History

United States
- Laid down: date unknown
- Launched: 1861 at; Wilmington, Delaware;
- Acquired: 21 August 1861
- Commissioned: circa 21 August 1861
- Decommissioned: 1889
- Stricken: 1891 (est.)
- Home port: Washington Navy Yard
- Fate: Sold on 25 March 1891

General characteristics
- Displacement: 111 tons
- Length: 80 ft (24 m)
- Beam: 18 ft (5.5 m)
- Draught: 8 ft (2.4 m)
- Propulsion: steam engine; screw-propelled;
- Speed: 6 knots
- Complement: not known
- Armament: one 20-pounder Parrott rifle; one 12-pounder gun;

= USS Rescue (1861) =

Gunboat of the United States Navy

USS Rescue was a small (111-ton) steamer commissioned by the United States Navy during the American Civil War.

She served the Union Navy during the blockade of ports and waterways of the Confederate States of America as a gunboat and dispatch boat. After the war's end, Rescue continued to serve the Navy, but this time as a tugboat and as a fireboat.

== Fitted out in Philadelphia in 1861 ==
Rescue, built for the builders account in 1861 by Harlan and Hollingsworth, Wilmington, Delaware, was purchased for the Navy on 21 August 1861; fitted out at Philadelphia, Pennsylvania; and ordered to join the Potomac Flotilla.

== Civil War service ==

=== Potomac River patrol ===

Rescue joined the flotilla prior to mid-September and took up station near Alexandria, Virginia. By the 18th, she had shifted to the Mathias Point-Popes Creek area where she seized the schooner Harford and her cargo of wheat and tobacco.
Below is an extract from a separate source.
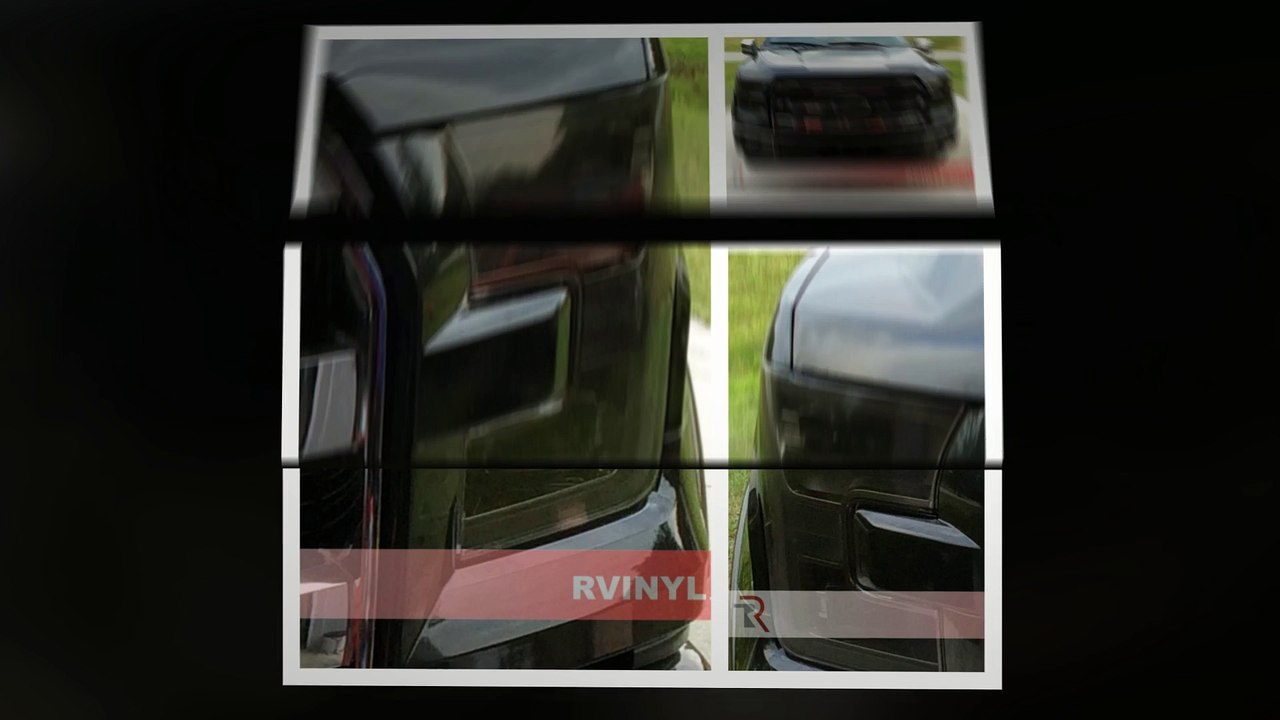 Stephen's 2015 Ford F-150 with Rtint® Headlight Covers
On 11 October, the gunboat, with and , captured and burned the schooner Martha Washington which had been awaiting Confederate troops in Quantico (Dumfries) Creek. Ten days later, she returned to Mathias Point to engage enemy batteries there.
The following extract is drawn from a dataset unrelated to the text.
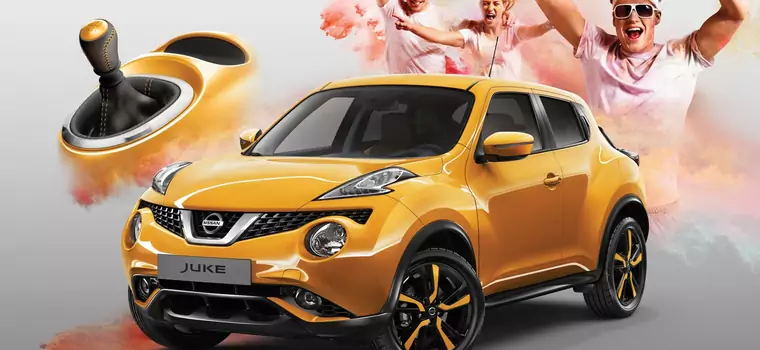 Nissan Juke: wersja limitowana Fun Edition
A week of courier duty followed; and, on the 28th, she was detached from the Potomac Flotilla and ordered to the Rappahannock River for duty in the North Atlantic Blockading Squadron.

=== Assigned to the North Atlantic blockade ===
On 6 November she captured and burned the schooner Ada at Corrotman Creek and, on the 8th, seized the ammunition storage ship Urbana. At midmonth she was ordered to Hampton Roads, Virginia, where she assumed tug and patrol duties which took her into 1862. In October 1862 she moved up to Washington, D.C. for repairs, after which she got underway for Port Royal, South Carolina, and duty in Samuel Francis Du Pont's squadron, then blockading Charleston, South Carolina.

Rescue arrived at Port Royal early in November. Through the summer of 1863, she performed tug and patrol duties in the anchorage area and in September shifted to Charleston. In October she returned to Port Royal to continue tug and patrol duties there until June 1864 when she was ordered to Baltimore, Maryland, for repairs.

On 2 September, she departed Baltimore and shortly thereafter resumed duty with the Potomac Flotilla. Stationed in the St. Mary's area, Rescue remained in the Potomac Flotilla through the end of the Civil War.

== Post-Civil War service ==
She then proceeded to Washington, D.C., where for the next 24 years she served as a district craft, first as a tug, then as a fireboat. Declared unserviceable in 1889, she was condemned and sold on 25 March 1891.